We can now watch Pluto rotate in space

As New Horizons begins its final approach toward Pluto, NASA presents a Google Earth-mapped surface of the spinning space body. The final approach toward the planet has begun – this NASA-led mission will get within a few thousand miles of Pluto on the 14th of this month. Today we get our first spherical map of the planet as placed with Google Earth onto our own planet. Strange as that may sound, it provides as accurate a visual for the planet as we've ever seen. You've seen the flat images before – now watch Pluto spin in space.

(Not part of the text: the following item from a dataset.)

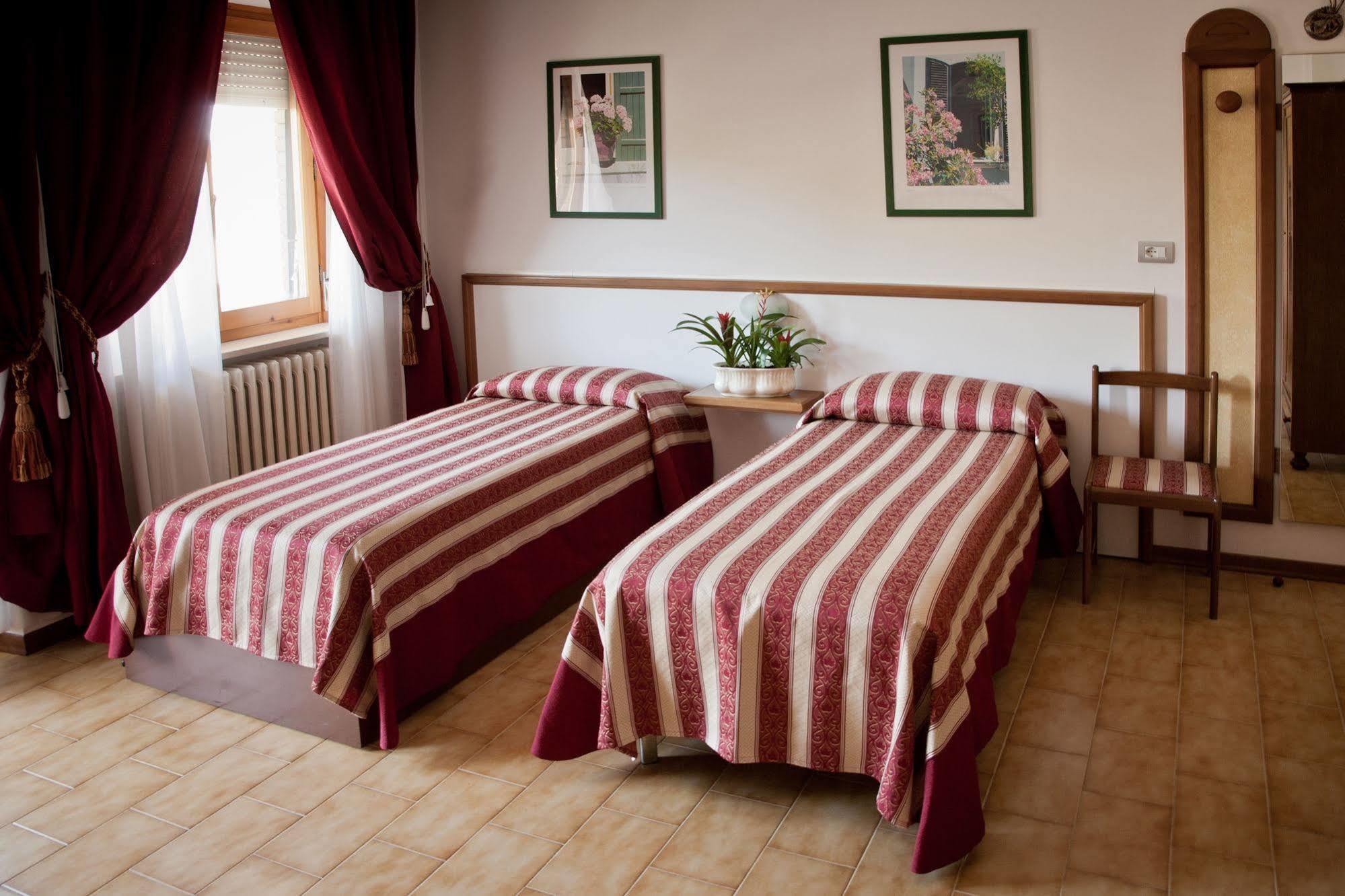 Hotel Vignola Ассизи Экстерьер фото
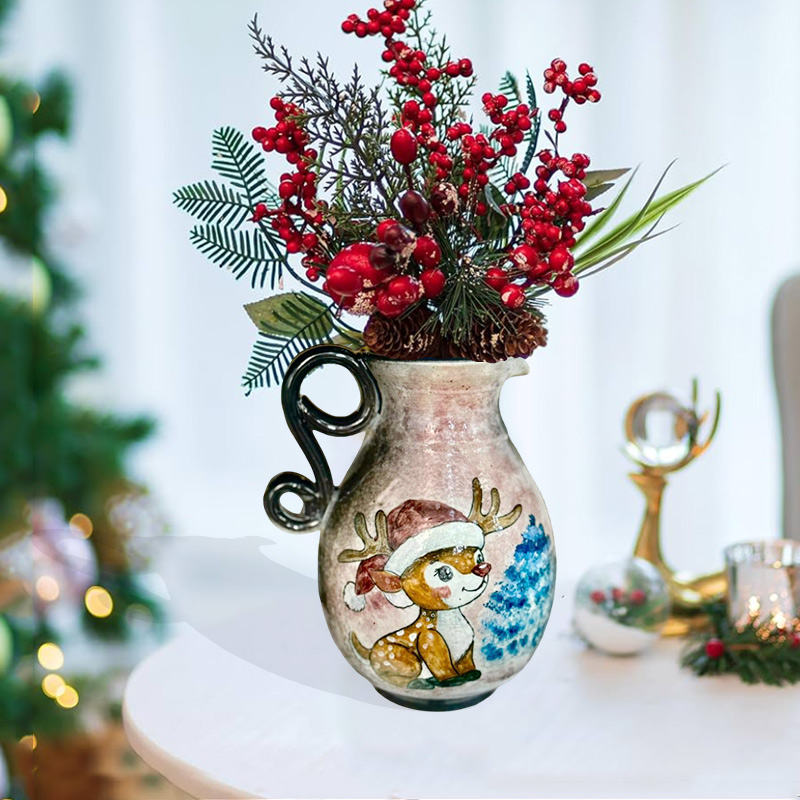 Christmas flowers in vase will decorate your home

Straight from the Johns Hopkins Applied Physics Laboratory we have this Google Earth overlay of New Horizon's latest map images of Pluto. This map is accurate to July 7th. For those of you that wish to map this planet on your own computer, head to the Johns Hopkins link above and make sure you've got the latest version of Google Earth up and running.

As this image is mapped to the Google Earth spherical version of the Earth, it is most certainly not to be taken as a completely "correct" Pluto. Pluto is much smaller than the scale you're seeing here and it is not entirely spherical. This map is not suitable for quantitative analysis, that is to say.


This rotating image was recorded using Google Earth and is comprised of a high-resolution black-and-white map created with LORRI images as well as a lower-resolution color map created with Ralph data.

It's not perfect, but it's the best we've got so far.

If you do plan on loading this map to Google Earth yourself, you'll want to switch off all mapping overlays except for this newest Pluto option.